| YOUR ASSIGNMENT |
Output all of the records word for word and drop the images.

| THE RECORDS |
══════════
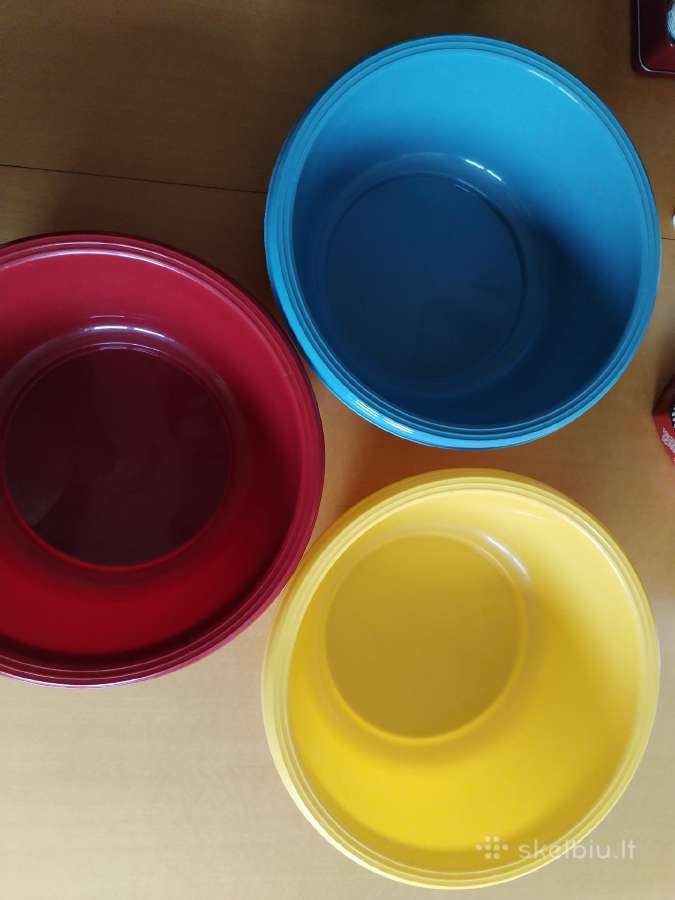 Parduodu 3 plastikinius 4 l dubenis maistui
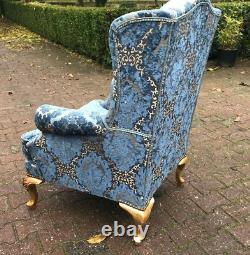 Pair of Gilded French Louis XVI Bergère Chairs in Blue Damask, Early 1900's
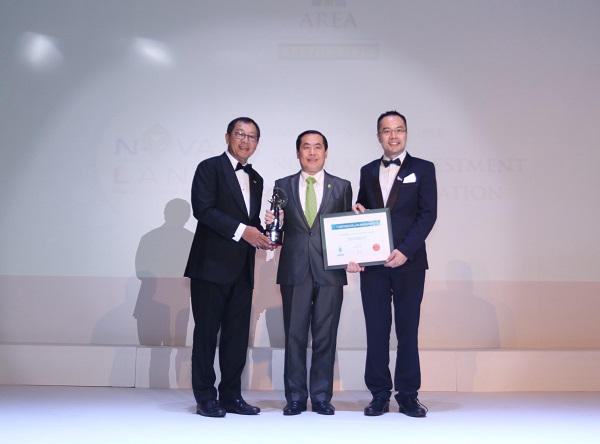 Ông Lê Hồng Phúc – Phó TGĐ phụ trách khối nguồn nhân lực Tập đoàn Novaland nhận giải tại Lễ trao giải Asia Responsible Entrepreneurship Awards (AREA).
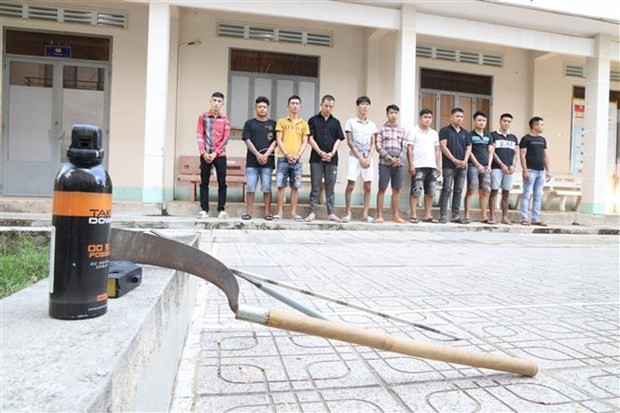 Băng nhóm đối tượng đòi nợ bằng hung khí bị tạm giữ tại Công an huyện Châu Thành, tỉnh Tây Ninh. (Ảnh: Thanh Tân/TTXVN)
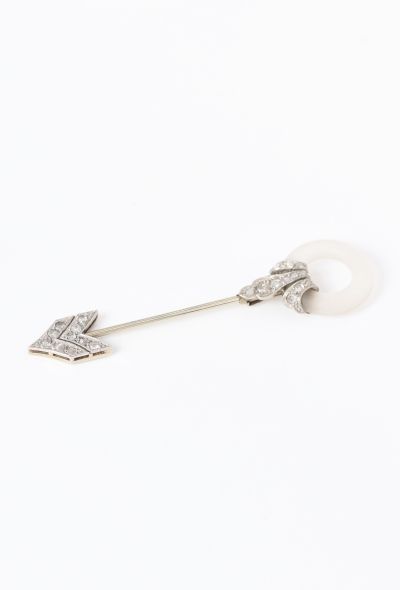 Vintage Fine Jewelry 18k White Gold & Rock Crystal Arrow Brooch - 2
══════════
| YOUR SOLUTION |
 Parduodu 3 plastikinius 4 l dubenis maistui
 Pair of Gilded French Louis XVI Bergère Chairs in Blue Damask, Early 1900's
 Ông Lê Hồng Phúc – Phó TGĐ phụ trách khối nguồn nhân lực Tập đoàn Novaland nhận giải tại Lễ trao giải Asia Responsible Entrepreneurship Awards (AREA).
 Băng nhóm đối tượng đòi nợ bằng hung khí bị tạm giữ tại Công an huyện Châu Thành, tỉnh Tây Ninh. (Ảnh: Thanh Tân/TTXVN)
 Vintage Fine Jewelry 18k White Gold & Rock Crystal Arrow Brooch - 2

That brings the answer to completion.